2. The reference applications relate to the asst. yrs. 1975-76 and 1976-77. For these two years, the ITO made additions of Rs. 19,164 and Rs. 19,355 respectively in respect of the remuneration paid to the managing director, Shri R. K. Swamy, under s. 40(c)(i)(ii), r/w s. 40A(5) of the Act.
3. On the assessee’s appeal, the CIT(A) held that the excess to be disallowed, if any, should be computed under s. 40(c) of the Act, which applies specifically to directors and not with reference to s. 40A(5), relying on the Gujarat High Court’s decision in Addl. CIT v. Tarun Commercial Mills Ltd. (1978) 113 ITR 745 (Guj) : TC 18R.634. Hence the CIT(A) remitted the matter back to the ITO for recalculating the disallowance under s. 40(c) of the Act.

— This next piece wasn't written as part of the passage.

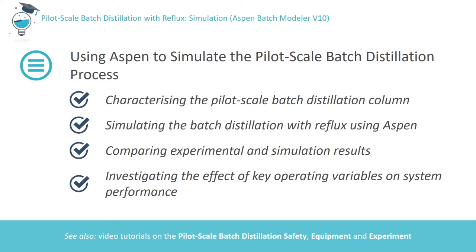Hello and welcome to this tutorial on simulating a batch distillation process. In this video you will learn how to simulate a batch distillation process with reflux using Aspen Batch Modeler version 10.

On Revenue’s appeal, the Tribunal upheld the CIT(A)’s direction on this point, following the decision in (1978) 113 ITR 745 (Guj), cited supra as also the decision of the Bombay Special Bench of the Tribunal in the case of Geoffry Manners & Ltd. in ITA No. 1296/Bom/1976-77, for the asst. yr. 1975-76, in which it was held that regarding the director cum employees, s. 40(c) will apply and not s. 40A(5) of the Act.
4. Before us, the learned senior standing counsel appearing for the Department submitted that in the present case, the provisions of s. 40A(5) of the Act would apply, r/w s. 40(c)(i)(ii) of the Act. According to the learned senior standing counsel, the repairing charges borne out by the employer to be treated as perquisite in the hands of the employee director. The learned senior standing counsel further submitted that the Tribunal was not correct in directing the AO to apply s. 40(c) in the present case and find out the reasonableness in allowing the expenditure incurred by the employer towards its managing director.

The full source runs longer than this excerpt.